Dear Me at 17,
We’re 30 now.
At your age, I assumed 30 would feel like having arrived or achieved. Frankly, I have no idea what being 30 means other than grad school, being married to a really rad guy, doing freelance writing and editing in my spare time, and finally having the guts to charge what I’m worth. It also means having a puppy who follows me around like she’s caught in my orbit, having more money and fewer worries than I’ve ever had, and being more myself than I ever was. In other words, not what I expected to be or have at 30.
So, I should probably impart some hard-won wisdom to you. Though I’m accustomed to handing out unsolicited advice to siblings, friends, and even strangers, I wonder what does one say to the past from the future?
First of all, do not feel ashamed for being an opinionated woman. Your future husband loves that about you, and I love that about you.
Forgive yourself more often.
Never let a boy or man guilt you into sex. Don’t ever date someone out of pity or boredom or for the ego-inflating feeling of being adored.
Always, always say yes to cake.
Learn to love exercise. Discover kale before 2009. Give up milk. You will watch the humans around you get larger and the nutritious food choices fewer.
Sleep more. It’s not cool or special to be sleep-deprived. That quote you like to tout (“I’ll sleep when I’m dead”) does not serve the life you are meant to live, and I blame it for the flock of crow’s feet around my eyes.
Make trust a habit. Start with yourself.
Don’t ever have the grilled portobello sandwich from Shiloh’s. That was the gnarliest case of food poisoning imaginable.
Be kind to Mom and Dad. When you’re 25, you’ll come to the sudden realization that you are older than they were when they became your parents. You’ll recognize how ill-equipped you feel at that age to raise a child. You’ll acknowledge you expected perfection out of two people who only knew what they knew and were doing their very best.
A friend of ours always says, “If you’re not growing, you’re decaying.” Grow and reach and stretch so that you never fit into the same mold as the day before.
Humans’ choices from two places: love or fear. Choose love, sweet girl; it never lets you down.
You will encounter challenges. I won’t spare you one moment of gut-wrenching pain or confusion or fear by telling you how to avoid them. I urge you to leave the one-dimensional existence to paper people, and immerse yourself in the depth and breadth of feelings that only humans get to experience. All of the feelings, not just the glittery, Facebook-status ones.
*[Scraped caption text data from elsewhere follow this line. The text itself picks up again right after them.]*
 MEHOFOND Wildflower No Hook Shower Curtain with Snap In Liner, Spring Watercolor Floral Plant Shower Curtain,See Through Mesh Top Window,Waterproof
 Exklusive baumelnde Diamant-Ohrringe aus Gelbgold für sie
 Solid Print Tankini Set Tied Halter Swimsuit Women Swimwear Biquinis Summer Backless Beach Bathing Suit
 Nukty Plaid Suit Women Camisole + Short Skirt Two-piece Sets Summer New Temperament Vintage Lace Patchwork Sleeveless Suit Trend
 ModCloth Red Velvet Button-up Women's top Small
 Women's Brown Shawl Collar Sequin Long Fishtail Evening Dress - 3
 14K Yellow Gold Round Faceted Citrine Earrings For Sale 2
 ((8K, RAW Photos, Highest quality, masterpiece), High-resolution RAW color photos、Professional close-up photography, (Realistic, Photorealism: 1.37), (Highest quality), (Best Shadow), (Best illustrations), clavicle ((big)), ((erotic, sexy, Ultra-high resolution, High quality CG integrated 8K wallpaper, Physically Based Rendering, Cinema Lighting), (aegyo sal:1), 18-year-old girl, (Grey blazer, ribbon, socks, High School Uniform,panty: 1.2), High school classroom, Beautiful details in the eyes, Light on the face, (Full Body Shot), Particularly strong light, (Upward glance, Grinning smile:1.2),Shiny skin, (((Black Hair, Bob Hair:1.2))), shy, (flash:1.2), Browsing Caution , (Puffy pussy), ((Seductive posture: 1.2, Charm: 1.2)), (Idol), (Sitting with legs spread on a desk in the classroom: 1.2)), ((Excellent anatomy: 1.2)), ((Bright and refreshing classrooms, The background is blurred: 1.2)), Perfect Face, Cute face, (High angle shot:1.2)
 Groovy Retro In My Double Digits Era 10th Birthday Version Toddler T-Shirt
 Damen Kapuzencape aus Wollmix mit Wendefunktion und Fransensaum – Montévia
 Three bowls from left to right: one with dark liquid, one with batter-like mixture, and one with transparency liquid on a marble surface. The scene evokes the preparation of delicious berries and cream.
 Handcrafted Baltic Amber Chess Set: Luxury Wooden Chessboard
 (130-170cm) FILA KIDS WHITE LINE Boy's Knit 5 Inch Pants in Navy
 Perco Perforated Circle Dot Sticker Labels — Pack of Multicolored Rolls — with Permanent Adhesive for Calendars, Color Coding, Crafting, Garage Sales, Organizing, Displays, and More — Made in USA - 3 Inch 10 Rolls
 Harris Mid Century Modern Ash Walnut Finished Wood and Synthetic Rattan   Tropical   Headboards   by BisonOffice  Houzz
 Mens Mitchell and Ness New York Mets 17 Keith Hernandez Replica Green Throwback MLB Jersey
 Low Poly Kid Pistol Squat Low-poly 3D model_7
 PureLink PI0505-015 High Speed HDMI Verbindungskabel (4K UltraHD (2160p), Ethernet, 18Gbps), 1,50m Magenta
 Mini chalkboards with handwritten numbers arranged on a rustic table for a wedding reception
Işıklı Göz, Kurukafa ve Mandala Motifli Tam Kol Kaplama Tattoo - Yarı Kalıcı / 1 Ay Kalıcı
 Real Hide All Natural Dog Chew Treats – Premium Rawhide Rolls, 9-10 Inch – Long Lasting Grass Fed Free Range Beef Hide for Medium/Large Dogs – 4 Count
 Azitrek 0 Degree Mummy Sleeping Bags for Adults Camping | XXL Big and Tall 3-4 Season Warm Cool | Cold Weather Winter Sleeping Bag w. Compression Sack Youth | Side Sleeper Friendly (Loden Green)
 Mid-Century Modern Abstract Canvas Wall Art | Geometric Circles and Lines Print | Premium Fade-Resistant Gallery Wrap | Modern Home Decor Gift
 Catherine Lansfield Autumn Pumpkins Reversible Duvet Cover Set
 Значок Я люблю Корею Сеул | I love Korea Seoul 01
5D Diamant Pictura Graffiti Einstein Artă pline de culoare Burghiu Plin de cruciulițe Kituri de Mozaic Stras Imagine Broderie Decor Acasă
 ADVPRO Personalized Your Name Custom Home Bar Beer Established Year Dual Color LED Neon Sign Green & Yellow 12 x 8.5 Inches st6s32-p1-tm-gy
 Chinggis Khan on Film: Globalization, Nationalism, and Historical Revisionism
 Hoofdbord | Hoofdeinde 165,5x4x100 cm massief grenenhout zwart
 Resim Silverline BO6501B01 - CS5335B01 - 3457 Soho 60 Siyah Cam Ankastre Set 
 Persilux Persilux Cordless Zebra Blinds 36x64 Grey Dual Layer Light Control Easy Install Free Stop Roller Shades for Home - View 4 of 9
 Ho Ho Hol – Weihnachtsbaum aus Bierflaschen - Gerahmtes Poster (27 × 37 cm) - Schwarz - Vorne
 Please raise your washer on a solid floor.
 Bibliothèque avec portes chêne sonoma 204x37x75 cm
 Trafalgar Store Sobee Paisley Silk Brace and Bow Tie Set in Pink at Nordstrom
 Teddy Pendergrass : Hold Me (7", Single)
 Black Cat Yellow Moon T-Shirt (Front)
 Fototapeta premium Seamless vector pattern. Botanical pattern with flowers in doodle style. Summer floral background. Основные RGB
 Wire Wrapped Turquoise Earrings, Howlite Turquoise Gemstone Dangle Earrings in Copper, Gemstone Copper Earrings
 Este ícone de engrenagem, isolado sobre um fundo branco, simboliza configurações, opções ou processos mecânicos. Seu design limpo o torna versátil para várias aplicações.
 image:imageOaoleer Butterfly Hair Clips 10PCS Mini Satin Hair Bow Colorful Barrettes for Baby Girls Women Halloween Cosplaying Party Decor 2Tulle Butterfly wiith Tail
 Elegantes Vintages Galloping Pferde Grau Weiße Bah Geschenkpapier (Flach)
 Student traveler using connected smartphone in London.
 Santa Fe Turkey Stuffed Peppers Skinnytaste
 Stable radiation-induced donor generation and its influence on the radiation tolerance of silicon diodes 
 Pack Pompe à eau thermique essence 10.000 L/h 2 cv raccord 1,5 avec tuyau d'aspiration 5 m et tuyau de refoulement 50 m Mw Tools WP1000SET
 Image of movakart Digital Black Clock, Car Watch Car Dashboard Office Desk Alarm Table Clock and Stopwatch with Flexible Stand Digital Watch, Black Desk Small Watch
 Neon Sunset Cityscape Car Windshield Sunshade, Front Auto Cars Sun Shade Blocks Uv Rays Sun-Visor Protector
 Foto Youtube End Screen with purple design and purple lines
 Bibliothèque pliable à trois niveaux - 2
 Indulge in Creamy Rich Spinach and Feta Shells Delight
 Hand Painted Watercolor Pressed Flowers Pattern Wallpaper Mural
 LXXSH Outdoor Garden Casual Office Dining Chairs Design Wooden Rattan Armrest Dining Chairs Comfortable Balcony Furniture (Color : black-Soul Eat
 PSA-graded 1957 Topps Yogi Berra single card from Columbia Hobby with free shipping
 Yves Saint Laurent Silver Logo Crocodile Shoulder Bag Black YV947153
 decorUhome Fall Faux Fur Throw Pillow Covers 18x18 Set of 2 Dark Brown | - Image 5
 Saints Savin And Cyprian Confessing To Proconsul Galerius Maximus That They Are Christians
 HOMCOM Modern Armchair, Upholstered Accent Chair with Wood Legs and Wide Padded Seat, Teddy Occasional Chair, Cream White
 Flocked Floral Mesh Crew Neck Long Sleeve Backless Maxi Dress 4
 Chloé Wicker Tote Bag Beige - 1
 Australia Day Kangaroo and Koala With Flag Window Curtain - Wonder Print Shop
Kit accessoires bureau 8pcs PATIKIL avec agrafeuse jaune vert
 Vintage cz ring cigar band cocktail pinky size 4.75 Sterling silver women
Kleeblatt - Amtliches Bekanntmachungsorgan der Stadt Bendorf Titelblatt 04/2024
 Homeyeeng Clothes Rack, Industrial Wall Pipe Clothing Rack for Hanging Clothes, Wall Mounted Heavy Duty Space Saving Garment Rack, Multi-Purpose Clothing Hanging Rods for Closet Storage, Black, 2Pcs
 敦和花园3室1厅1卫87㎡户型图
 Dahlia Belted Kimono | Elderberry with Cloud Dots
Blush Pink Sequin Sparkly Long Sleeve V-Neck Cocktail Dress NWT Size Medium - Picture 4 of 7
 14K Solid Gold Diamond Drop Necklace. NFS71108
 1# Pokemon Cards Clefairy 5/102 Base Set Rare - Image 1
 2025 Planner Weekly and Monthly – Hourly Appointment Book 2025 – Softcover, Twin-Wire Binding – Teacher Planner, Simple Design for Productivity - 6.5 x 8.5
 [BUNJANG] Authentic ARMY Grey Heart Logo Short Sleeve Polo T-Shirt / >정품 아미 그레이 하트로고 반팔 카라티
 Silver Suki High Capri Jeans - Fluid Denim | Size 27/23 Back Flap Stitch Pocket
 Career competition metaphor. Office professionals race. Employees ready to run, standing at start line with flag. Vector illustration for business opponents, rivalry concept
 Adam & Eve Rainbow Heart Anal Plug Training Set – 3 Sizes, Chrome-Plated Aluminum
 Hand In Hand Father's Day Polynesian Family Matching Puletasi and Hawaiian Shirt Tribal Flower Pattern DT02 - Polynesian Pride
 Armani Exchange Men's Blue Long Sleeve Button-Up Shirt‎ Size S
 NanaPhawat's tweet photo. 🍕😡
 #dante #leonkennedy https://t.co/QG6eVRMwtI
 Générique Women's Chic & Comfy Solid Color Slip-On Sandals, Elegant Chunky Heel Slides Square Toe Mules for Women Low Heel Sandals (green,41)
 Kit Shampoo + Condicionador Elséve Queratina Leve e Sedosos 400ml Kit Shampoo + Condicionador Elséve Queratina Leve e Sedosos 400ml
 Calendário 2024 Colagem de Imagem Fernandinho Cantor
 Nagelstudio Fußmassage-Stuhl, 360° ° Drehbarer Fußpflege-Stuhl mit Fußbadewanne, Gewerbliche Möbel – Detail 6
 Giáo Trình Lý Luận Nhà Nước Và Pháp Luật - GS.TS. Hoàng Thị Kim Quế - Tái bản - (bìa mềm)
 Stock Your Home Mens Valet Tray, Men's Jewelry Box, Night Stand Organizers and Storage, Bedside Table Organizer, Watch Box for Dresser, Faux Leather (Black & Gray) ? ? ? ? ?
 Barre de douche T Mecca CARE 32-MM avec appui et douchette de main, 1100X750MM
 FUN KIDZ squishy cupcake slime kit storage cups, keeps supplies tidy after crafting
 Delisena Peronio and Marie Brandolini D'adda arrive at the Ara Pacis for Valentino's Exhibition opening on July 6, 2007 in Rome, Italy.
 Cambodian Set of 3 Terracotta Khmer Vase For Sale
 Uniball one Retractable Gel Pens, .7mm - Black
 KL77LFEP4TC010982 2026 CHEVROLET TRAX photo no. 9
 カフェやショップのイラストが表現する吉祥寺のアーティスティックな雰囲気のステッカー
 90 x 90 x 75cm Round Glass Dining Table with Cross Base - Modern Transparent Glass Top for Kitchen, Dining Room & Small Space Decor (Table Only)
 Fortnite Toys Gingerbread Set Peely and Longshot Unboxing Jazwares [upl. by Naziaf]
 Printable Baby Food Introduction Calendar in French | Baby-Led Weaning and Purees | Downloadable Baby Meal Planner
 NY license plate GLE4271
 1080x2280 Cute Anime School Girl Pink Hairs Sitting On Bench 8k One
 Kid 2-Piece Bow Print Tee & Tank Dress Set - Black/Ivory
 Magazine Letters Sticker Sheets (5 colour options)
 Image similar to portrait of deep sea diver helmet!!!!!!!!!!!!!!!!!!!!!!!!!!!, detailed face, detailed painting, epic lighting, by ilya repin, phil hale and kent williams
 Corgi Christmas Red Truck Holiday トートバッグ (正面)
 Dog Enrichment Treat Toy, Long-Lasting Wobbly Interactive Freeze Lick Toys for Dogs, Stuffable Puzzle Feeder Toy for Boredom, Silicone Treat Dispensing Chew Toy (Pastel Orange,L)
Drink more water. A lot more.
You’re going to run a marathon one day. (I know—the girl who hates running!) Don’t miss the final training run, because what you missed it for was not even kind of worth it.
By 30, we still haven’t lost that fleeing feeling, the desire to keep a suitcase packed in the back of the closet so if we ever want to, we can pick it up and be gone.
You will go. You leave for Ireland on a one-way ticket, and you’ll learn more in five months than you did in four years of college. You fall in love with that green island and with a particular beach town in Italy that you vow to return to when you write your novel. You fall in love with life without a cell phone. You fall in love with solitude and silence and the anonymity of being a foreigner. You fall in love with yourself.
Learn something from every relationship. This masterpiece of a marriage you’re building? It takes materials. A lot of materials. Materials you weren’t born with, ones you uncover from the rubble of past relationships, shards you dig out of your skin and hold up to the light to see that they are glistening lessons for you, gifts to make you the wife you will need to be.
You’re going to have a wanderlust-and-wine-laden life. It’s messy; it’s fast-paced. It’s small and insignificant in the grand scheme of humanity, but you make a difference in people’s lives every day by who you are.
This barely skimmed the surface of the last 13 years. You must have a million questions for me. But, dear 17-year-old self, if you really were able to read this letter,
I wouldn’t tell you a damn thing.
That in itself would tell you how valuable this life is to me…how I wouldn’t risk the ripple effect of one tiny revelation that might shatter my present day world. Nor would I give you the specifics that would cause you to rush through seeking the good times (and you know you would, impatient girl).
Just know it’s all worth it and that even at 30, it feels like it has just begun.